Después de haberme asombrado, hasta el escándalo, de que casi todos los hombres obedezcan más espontáneamente en el régimen de sus facultades y su vida a aquellos corruptores de razón que a estos purificadores de conciencia, hoy no me asombro de otra cosa que de la fácil preferencia que di en mi razón y en mi conciencia al consejo difícil sobre el fácil. Obedecido éste, desde mucho antes de escribir este libro, hubiera tenido un nombre ruidoso, y ni entonces ni después se me hubiera hecho la guerra del silencio.

Pero obedecí los consejos difíciles de seguir, me avergoncé de las lágrimas traidoras que vierten y hacen verter los falsificadores de sentimientos, me creí con una conciencia responsable, tuve por más grande y más digno el hacerla responder de mi existencia que el resignar mi responsabilidad en una sociedad, siempre más ignorante que perversa; me dije que no debiendo la razón tener engaños, no debe tener tampoco desengaños, que solo se desilusiona el que se ilusiona, que solo se desencanta el que se encanta, que la vida es esfuerzo físico, moral e intelectual, no encanto del deseo, no ilusión de los sentidos, no engaño de la razón, y convirtiendo al dolor, de obstáculo en palanca, y subordinando el problema de la felicidad al del deber, y prefiriendo el combate de la inteligencia al triunfo del corazón, me sumergí en el estudio de la historia.

Raynal, Robertson, de Pradt, Prescott, Irving, Chevalier, me presentaron a América en el momento de la conquista, y maldije al conquistador. Un viaje a mi patria me la presentó dominada, y maldije al dominador. Otro viaje posterior me la presentó tiranizada, y sentí el deseo imperativo de combatir al tirano de mi patria.

El patriotismo, que hasta entonces había sido sentimiento, se irguió como resuelta voluntad. Pero si mi patria política era la Isla infortunada en que nací, mi patria geográfica estaba en todas las Antillas, sus hermanas ante la geología y la desgracia, y estaba también en la libertad, su redentora.

España, tiranizadora de Puerto Rico y Cuba, estaba también tiranizada.
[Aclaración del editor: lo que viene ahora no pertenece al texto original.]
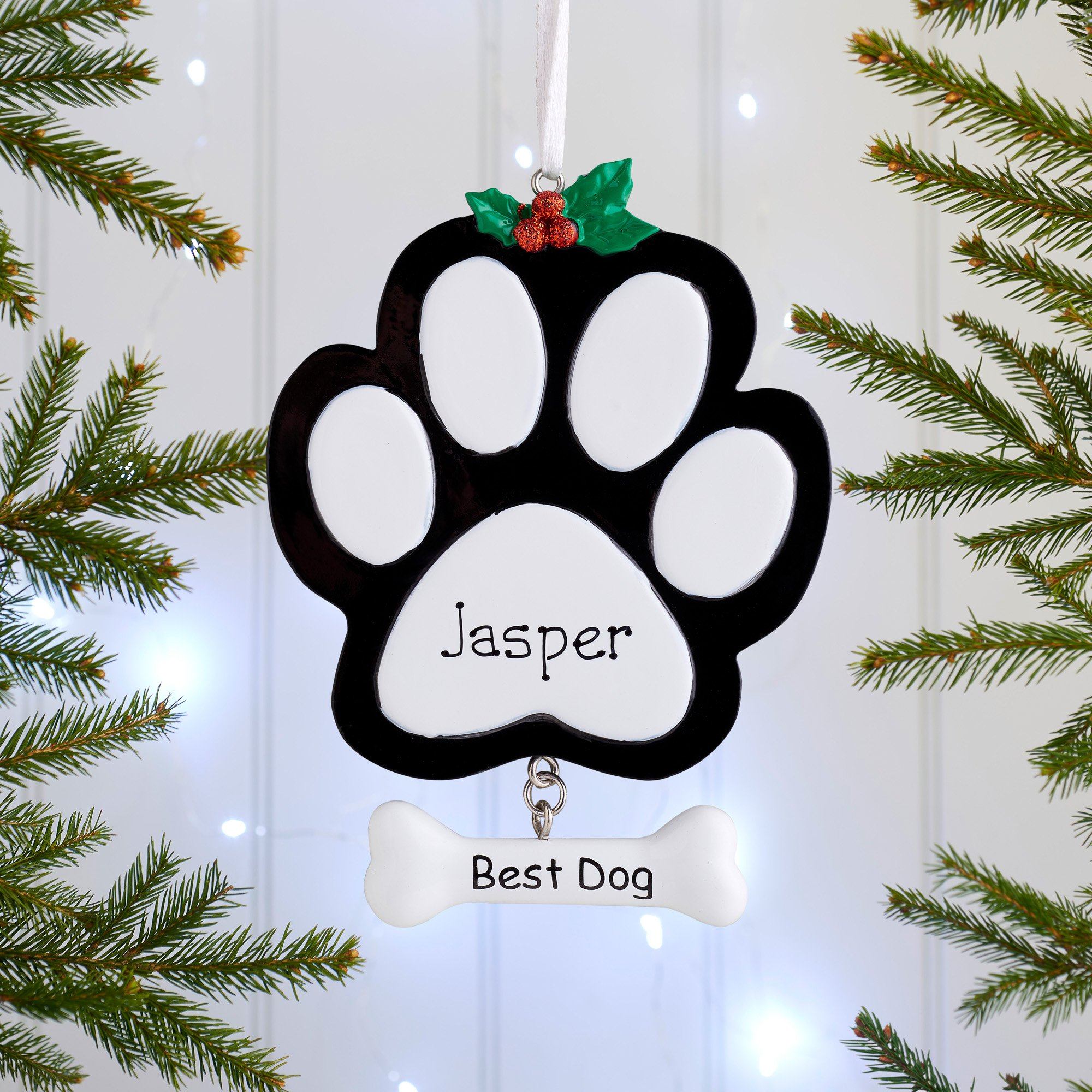 Ornamento Albero Natale Printtoo Personalizzato: Acrilico Trasparente Inciso Con Zampa Cane/gatto, Con Scatola Regalo, Ricordo Animale Domestico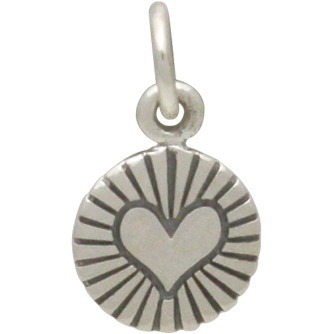  Sterling Silver Small Round Circle with Radiant Heart 14x8mm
Si la metrópoli se libertaba de sus déspotas ¿no libertaría de su despotismo a las Antillas? Trabajar en España por la libertad ¿no era trabajar por la libertad de las Antillas? Y si la libertad no es más que la práctica de la razón y la razón es un instrumento, y nada más, de la verdad ¿no era trabajar por la libertad el emplear la razón para decir a España la verdad?

«Bien concebido, bien intentado», ha sido siempre la práctica de toda mi existencia, y cuando en 1863 volví a España, después del año de meditación más dolorosa que conozco en mí, me puse a intentar el bien que había concebido en Puerto Rico.

El señor Rada y Delgado, poeta-literato muy conocido en España, confundiendo con la vocación literaria que nunca he tenido, la idoneidad para pensar que, desde 1858, había él descubierto en mí y estimulado, fue a verme en Madrid a mi regreso de mi Isla. Me recordó dos estudios psicológicos que yo le había leído en 1859 y en 1861 y me preguntó si llevaba algún nuevo trabajo.

—Tengo un libro —le dije, pensando, en el concebido.

—¡Un libro! ¡A ver, a ver!

Y fue tan cariñosa su solicitud, que me arrepentí de haberlo engañado, y no encontrando medio mejor de reconciliarme con él y la verdad, resolví inmediatamente convertir la mentira en realidad.

Le puse un libro cualquiera en las manos, le rogué que esperase, y dejándolo solo en una de mis dos habitaciones, pasé a la otra. Tomé pluma, tinta, papel, y escribí.

A la media hora salí radiante de alegría, y gritando: «iAquí está el libro!», leí a Rada los seis primeros diarios de La peregrinación de Bayoán.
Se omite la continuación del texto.